Os anos de cobertura política dão a Sá Corrêa certeza para afirmar: “Em ano eleitoral se discute tudo neste país, menos meio ambiente”. Segundo o jornalista, isso ocorre porque o povo brasileiro está ‘vacinado’ pela sensação de que nossos recursos naturais são inesgotáveis. Esse mito se perpetua desde a ufanista carta de Caminha, passando pela Canção do Exílio , de Gonçalves Dias, e pelo Hino Nacional .
 
A idéia de desenvolvimento, cultivada desde o governo Juscelino Kubitschek, também contribui para esse descaso com a natureza, diz Corrêa.
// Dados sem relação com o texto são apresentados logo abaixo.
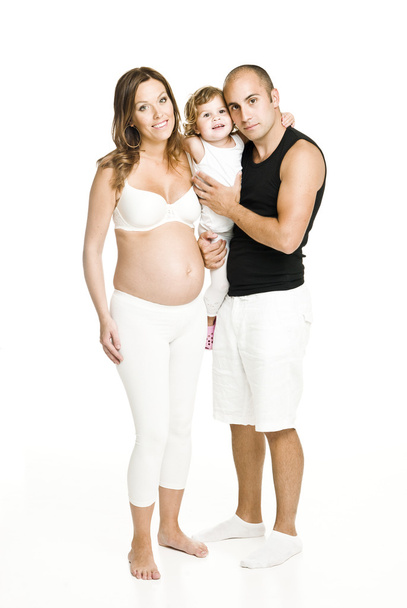 Pregnant woman with her family - Fotó, kép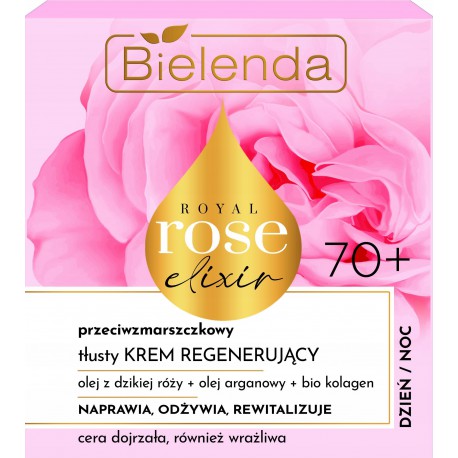BIELENDA ROYAL ROSE KR/TW 70+ 50ML DZ/NOC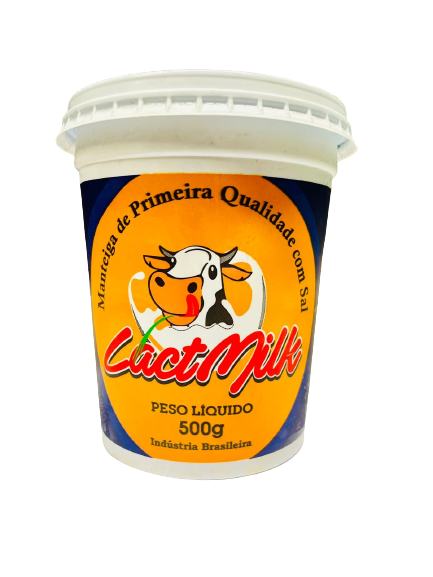MANTEIGA LACTMILK C/SAL 500G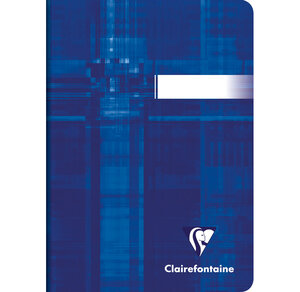 Carnet piqué A6 quadrillé 5x5 96 pages CLAIREFONTAINE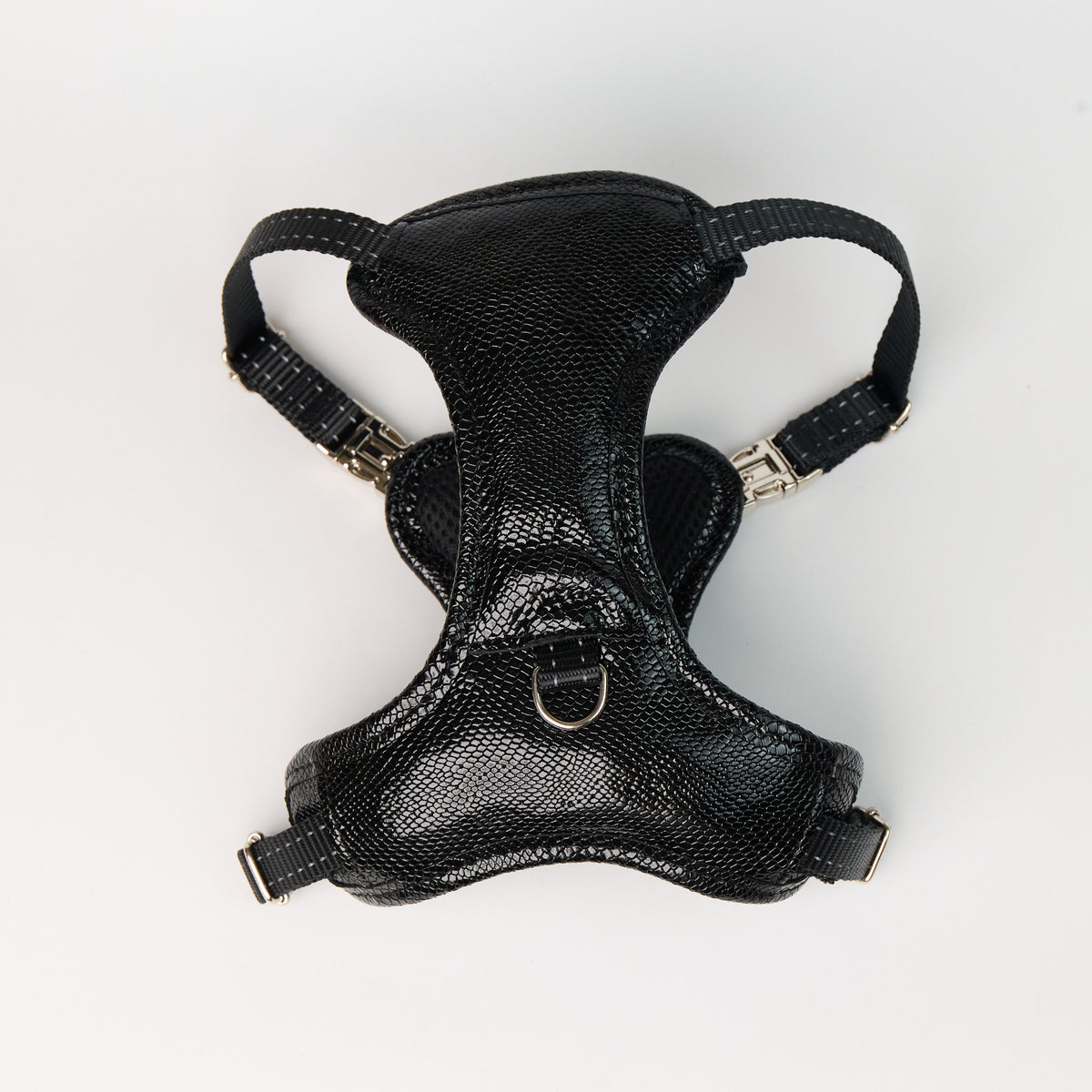 Anaconda Double Leather Dog Harness - Black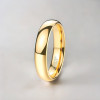 Bague tungstène alliance 4mm lisse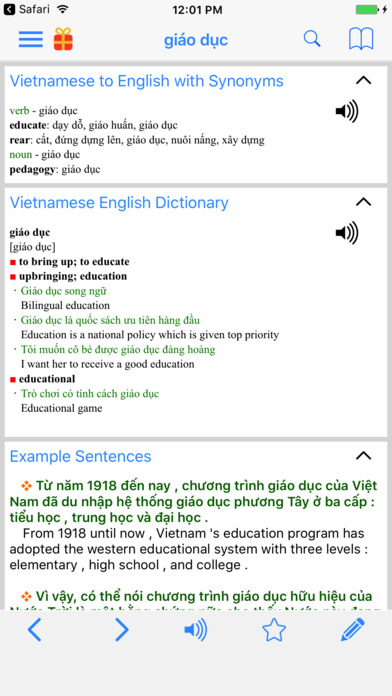 English Vietnamese Dictionary - Offline Translator screenshot 2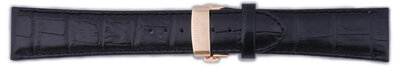 Leder-Uhrenarmband Orient UDCVWRB 24mm (für Modell ETAC), schwarz
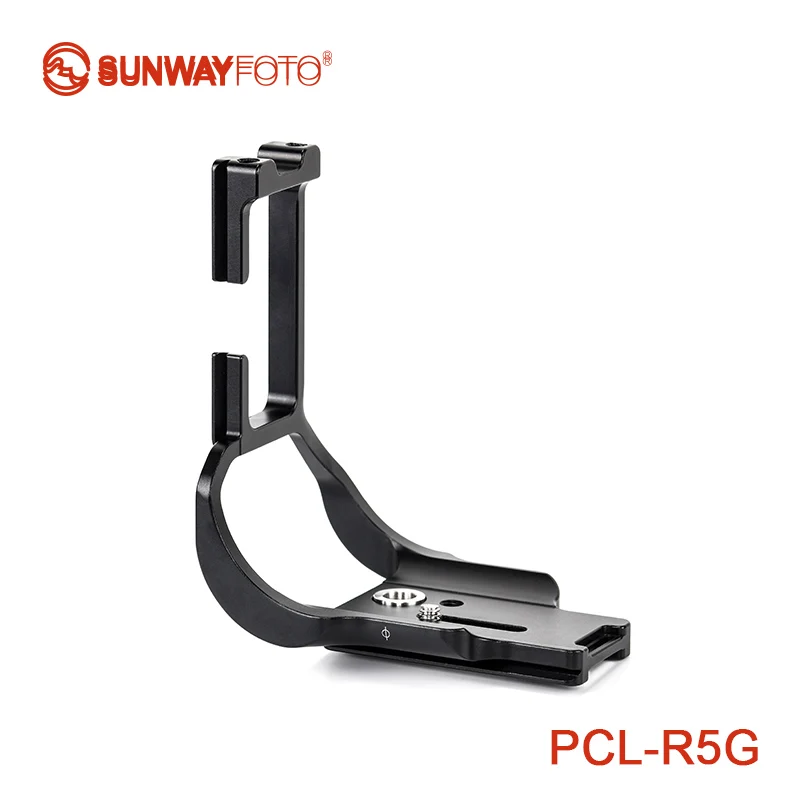 SUNWAYFOTO PCL-R5G Tùy Chỉnh L-Chân Đế Cho Canon EOS R5/R6 Với Kẹp Pin BG-R10 Arca RRS Tương Thích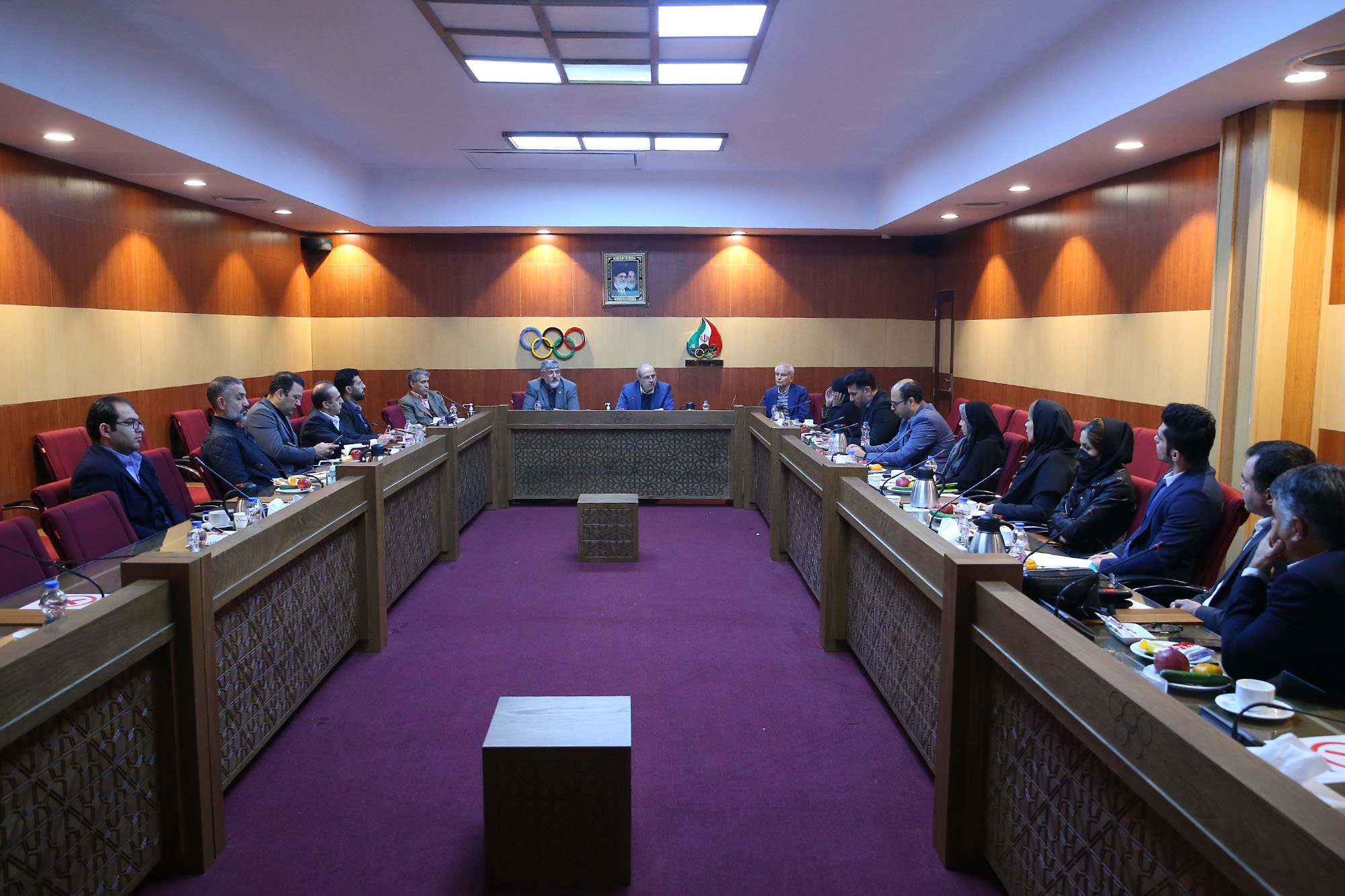 جلسات کادر سرپرستی بازی های آسیایی هانگژو با فدراسیون ها - آذر و دی ماه 16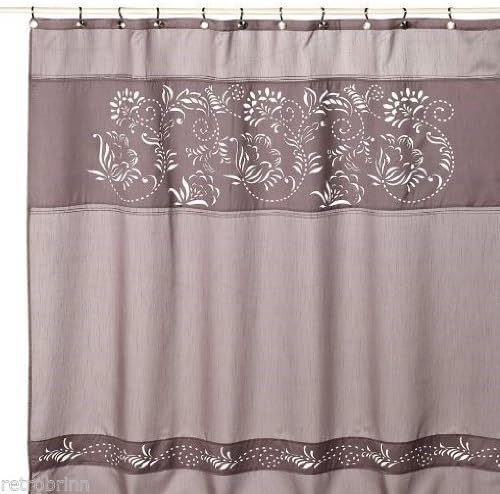 Amazon Com Anthology Waterville Laser Cut Floral Luxury Grey Faux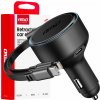 AMiO Nabíjačka do auta výsuvná C kábel + lightning kábel + USB C port 12/24V 60W 04370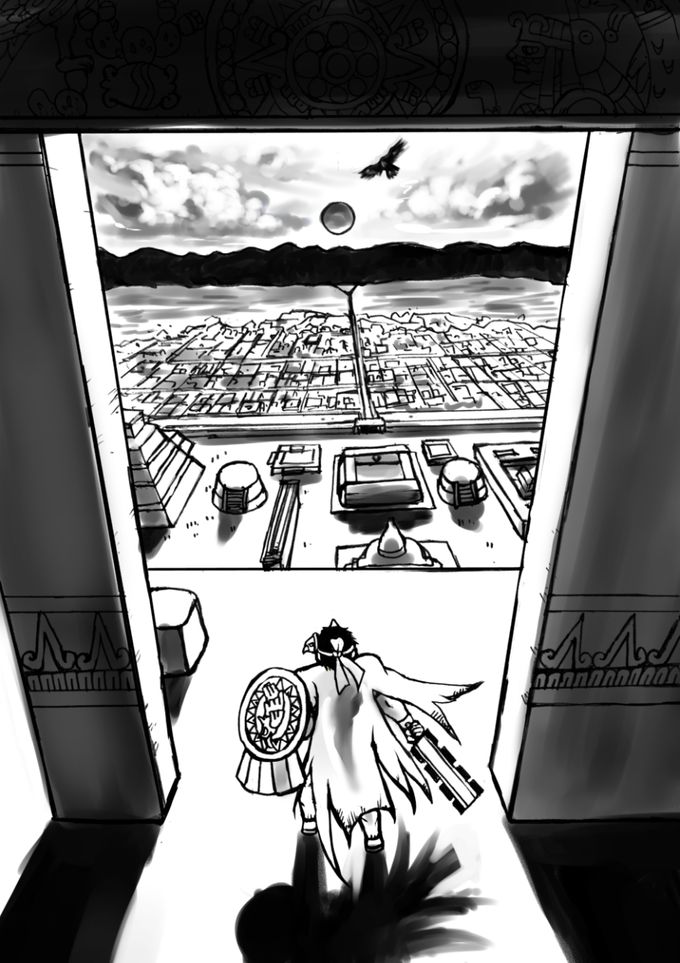 Crédito: Nosuku, una ilustradora japonesa muy interesada en la cultura prehispánica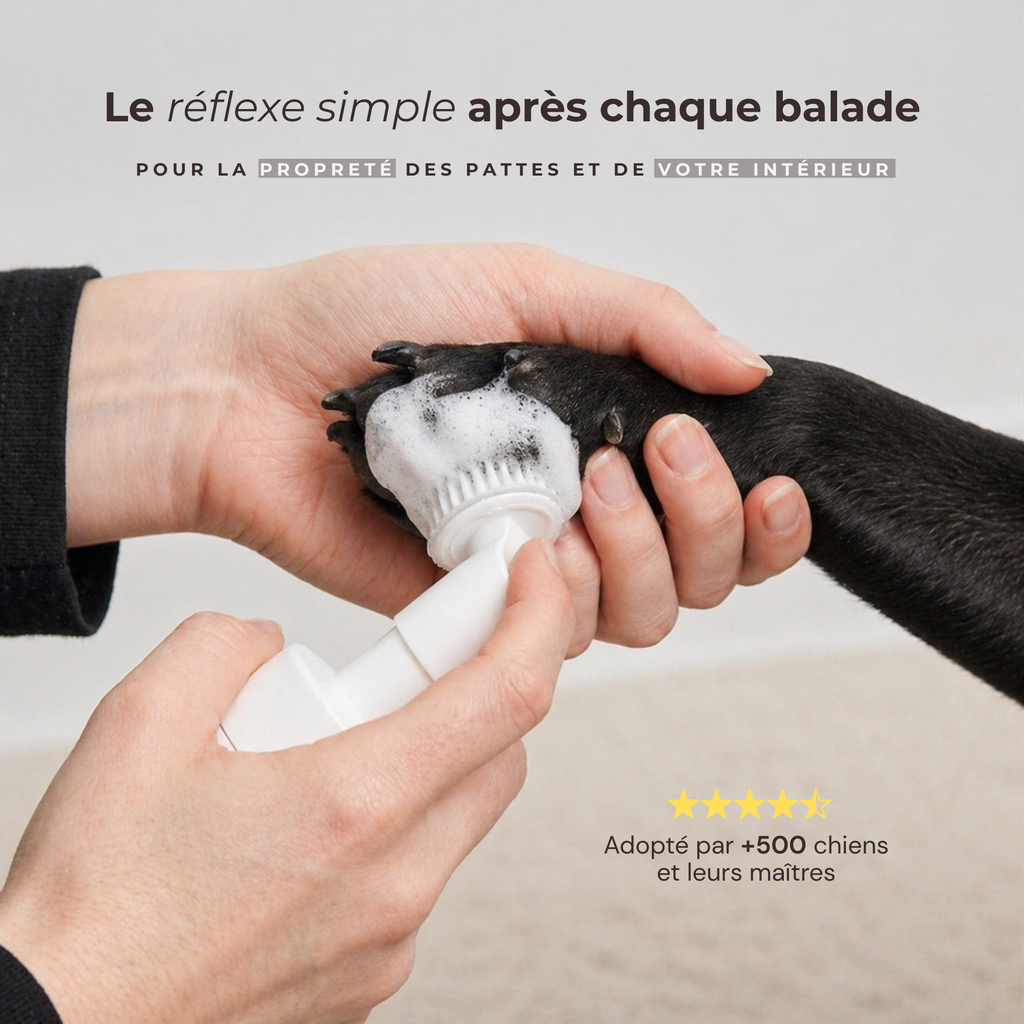 Soin nettoyant pour pattes sans rinçage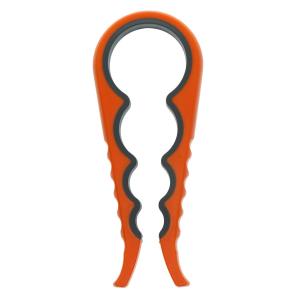 キッチン用具 瓶の蓋  オープナー  缶切り  缶オープナー  多機能 4イン1  びん蓋開け  万能蓋開け 8色選べる - オレンジ
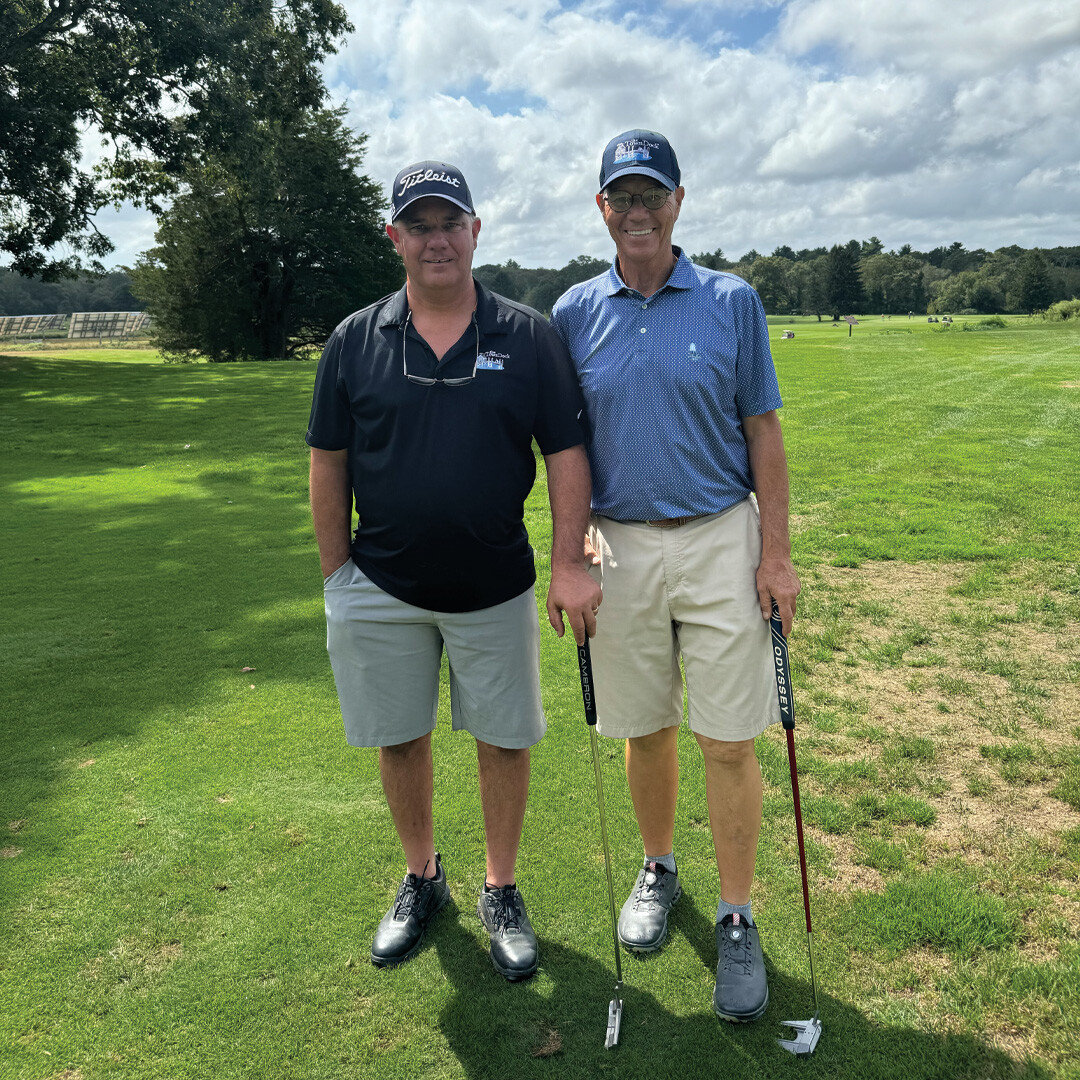 Hero of Town Dock employees at the golf tournament.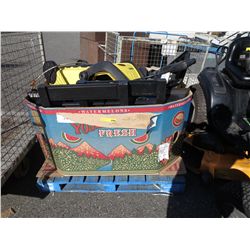 Bin of misc. household items & tools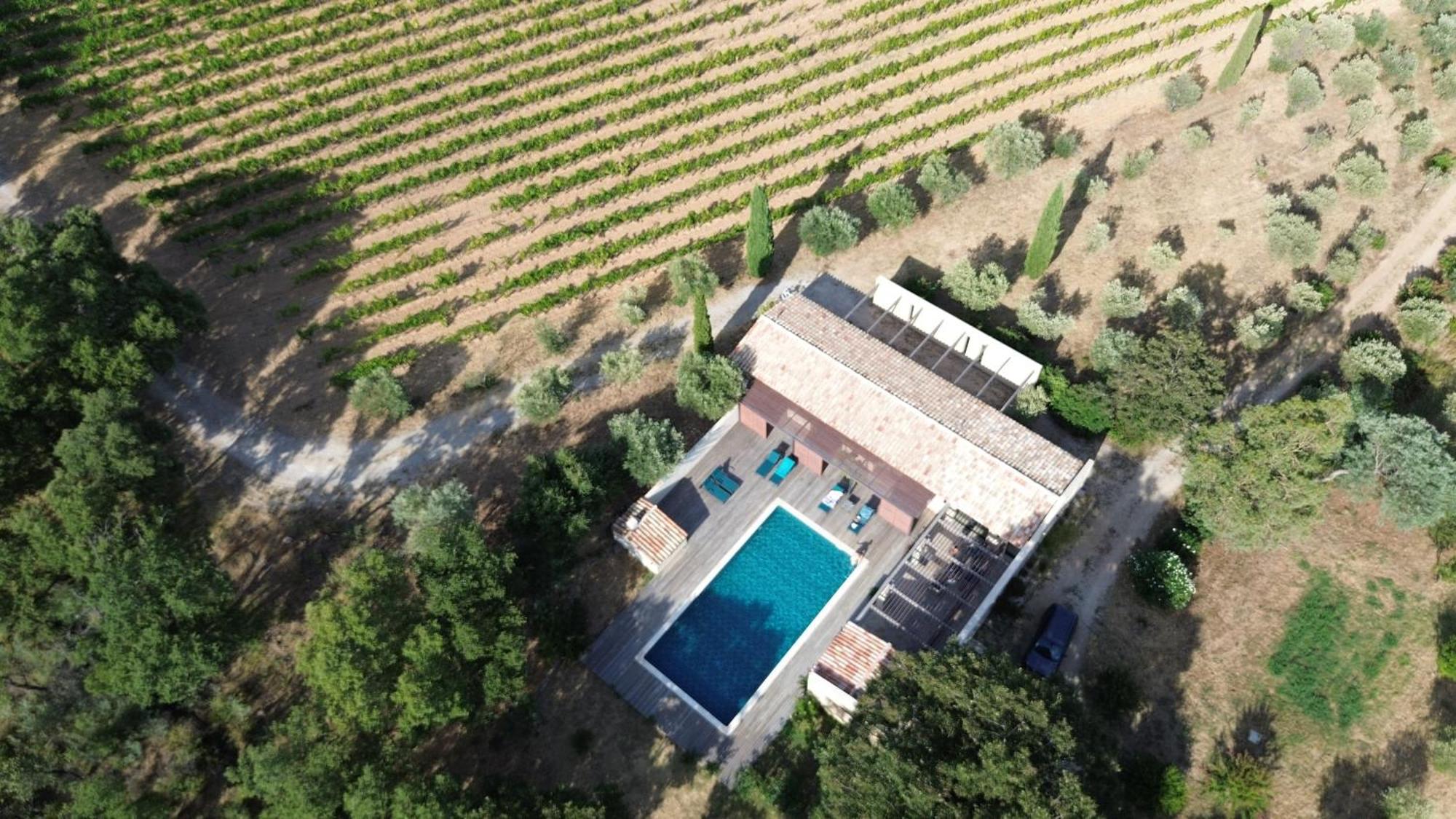 Magnifique Villa Avec Piscine Au Coeur Des Vignes Cogolin Eksteriør bilde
No tempo de JK, o símbolo de progresso era um trator derrubando árvores. Mas hoje, enquanto países do primeiro mundo têm aumentado suas florestas, o Brasil continua pondo árvores no chão. “No final ficaremos pobres, atrasados e sem árvores. Isso não é desenvolvimento!”, afirma Corrêa.
 
Para Zig Koch, cabe ao governo mudar esse pensamento e incentivar a preservação do meio ambiente, recompensando quem cuida e punindo quem destrói. Segundo ele, as recentes unidades de conservação (UCs) no Paraná e em Santa Catarina são um exemplo dessa política às avessas, uma vez que as UCs são criadas justamente em terras de quem preservou a vida inteira. “Daqui pra frente, quando um homem do campo vir um pinheirinho crescendo, ele vai ‘passar por cima’ porque sabe que no futuro aquela árvore poderá significar problema”, ironiza o fotógrafo.
 
Planeta emprestado

Papagaio-de-peito-roxo ( Amazona vinacea )

O impacto causado pelo homem na Terra é tamanho, que compromete as futuras gerações, concluíram os debatedores. “É como se emprestássemos o planeta, mas isso é feito de modo totalmente equivocado”, diz Zig. Mais enfático, Corrêa afirma que pagamos pelos erros do passado e fazemos o mesmo com o futuro. “O enriquecimento de poucos à custa do bem coletivo é um roubo das gerações futuras. Roubamos de quem ainda nem nasceu”, resume.
 
O acúmulo de riqueza por poucos em detrimento dos interesses da maioria também foi comentado pelo mediador Milano. “Privatizamos os lucros e coletivizamos os prejuízos”, disse. Para Corrêa é insustentável politicamente um mundo em que 4 bilhões de pessoas vivem na subsistência. Mas a solução não seria aumentar o consumo de todos. “Se a China consumisse como os EUA, precisaríamos de dois planetas”, exemplifica.
 
Como não temos dois, resta-nos cuidar do que sobrou de nosso planeta e para isso o papel da imprensa é fundamental, concluem os debatedores. Afinal, se os interesses econômicos de poucos continuarem prevalecendo sobre o bem comum, poderemos sentir o mesmo que o biólogo Naskrecki ao admirar pela última vez o gafanhoto sumindo de sua vista.